I think that, thanks to a few dedicated researchers, the larger manufacturing companies should be aware of this risk by now - but it also costs money for the know-how, implementation and testing of security measures. In my opinion, companies are clearly focused on product functionality and competitiveness. Unfortunately, there are now also some manufacturers, primarily Chinese, which produce cheap products that aremuch more attractive due to the low price. Most end users probably assume that these devices are also appropriately secured and cannot be hacked.
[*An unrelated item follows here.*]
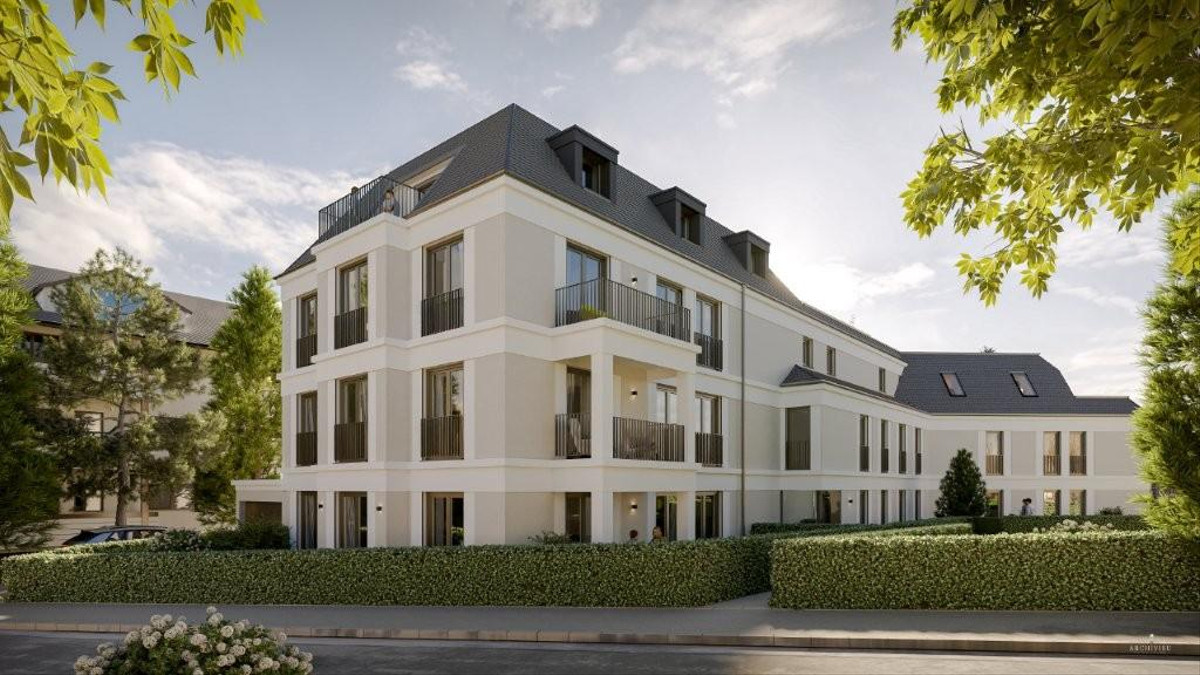 See-Quartier-Dießen - Neubau von 11 Eigentumswohnungen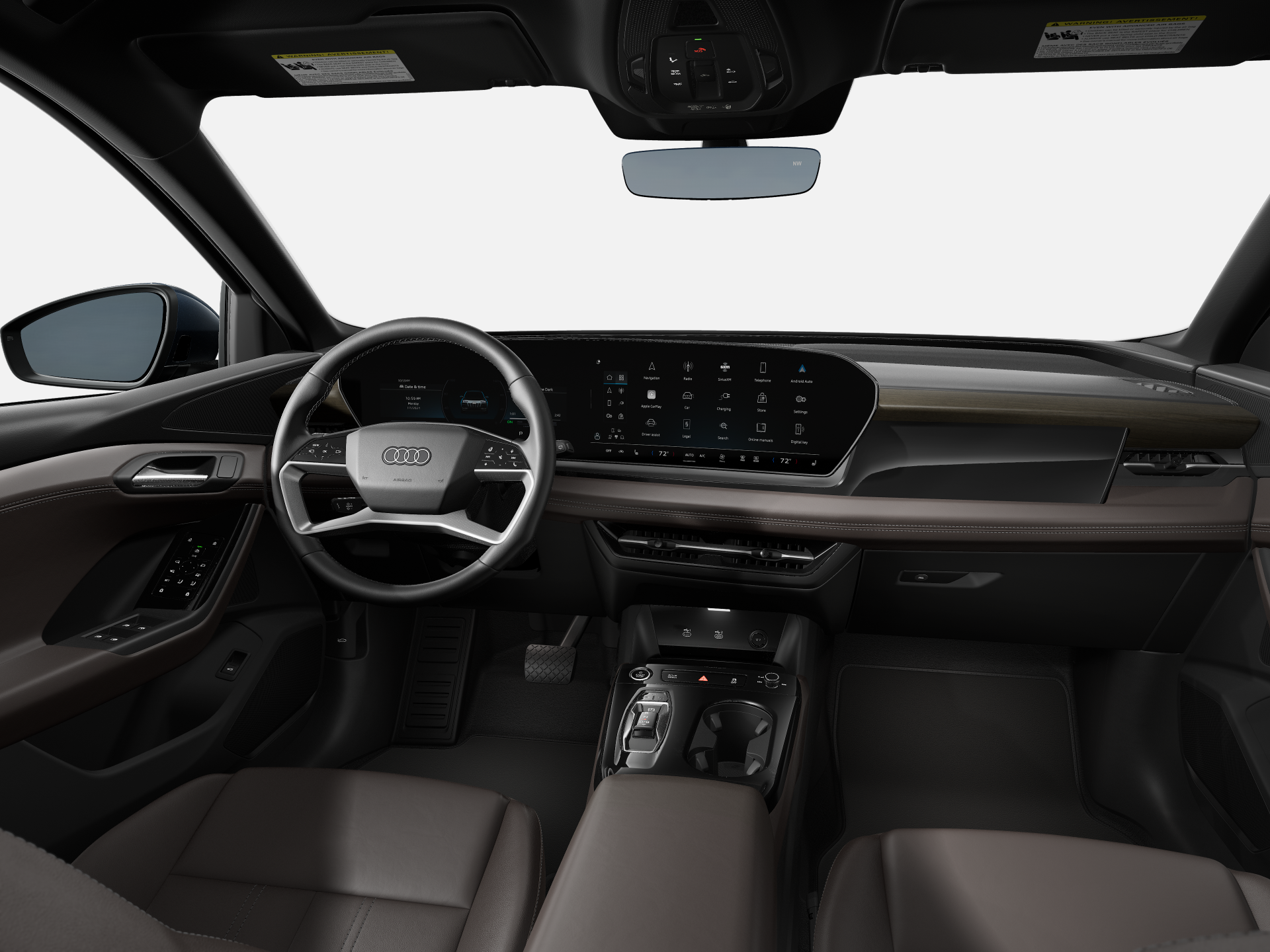 2025 Audi Q6 e-tron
There probably isn't much literature on this topic that you've been able to consult, is there?
The literature search was actually quite time-consuming, because hardly any scientific papers have been written on the subject. However, when researching on the Internet, you very quickly come across experts who have dealt with the topic very thoroughly and have fortunately published information about manufacturers, approaches and weak points, which I was able to draw on.

What was the most exciting insight for you? 
Probably the most exciting realization was that some risks become apparent during the "normal" use of the app. For example, in some apps you can connect with a partner, and there is a search field for the "nickname". For two of the four devices I examined, however, you simply had to enter the first letter of the name and received a list of all users whose names began with the letter "A", for example. I asked the manufacturers themselves for data according to the GDPR, to which I received no response at all from two manufacturers, another only described  how I could have my data deleted via the app, and only one manufacturer provided me with all the data about my account.

In conclusion, do you have any recommendations for manufacturers or consumers?
Probably my biggest recommendations for manufacturers are to encrypt the transmission of all data via the apps and to use certificate pinning², which makes it much more difficult for a hacker to impersonate the manufacturer in a man-in-the-middle attack³ and then read the transmitted data. I can currently only advise end users to keep away from smart sex toys, or at least to make sure that their devices are either switched off or only connected to the desired partner when they are actually being used. This way, at least in most cases, you can rule out the possibility of a third person taking control of the sex toy.

If you are curious about this topic, you can download Doris' bachelor thesis here and read her study and findings:

Download PDF

¹ Penetration testing, or pentesting, is a comprehensive security test of IT systems or networks to determine their susceptibility to attack. A pentest employs methods and techniques used by real attackers or hackers.

² HTTP Public Key Pinning (HPKP) is a mechanism for securing the HTTPS protocol against man-in-the-middle attacks.

³ A Man-in-the-Middle-Angriff (MITM-Angriff) is a type of attack that is used in computer networks. The attacker stands either physically or - today mostly - logically between the two communication partners, has complete control with their system over the data traffic between two or more network participants, and can view and even manipulate the information at will.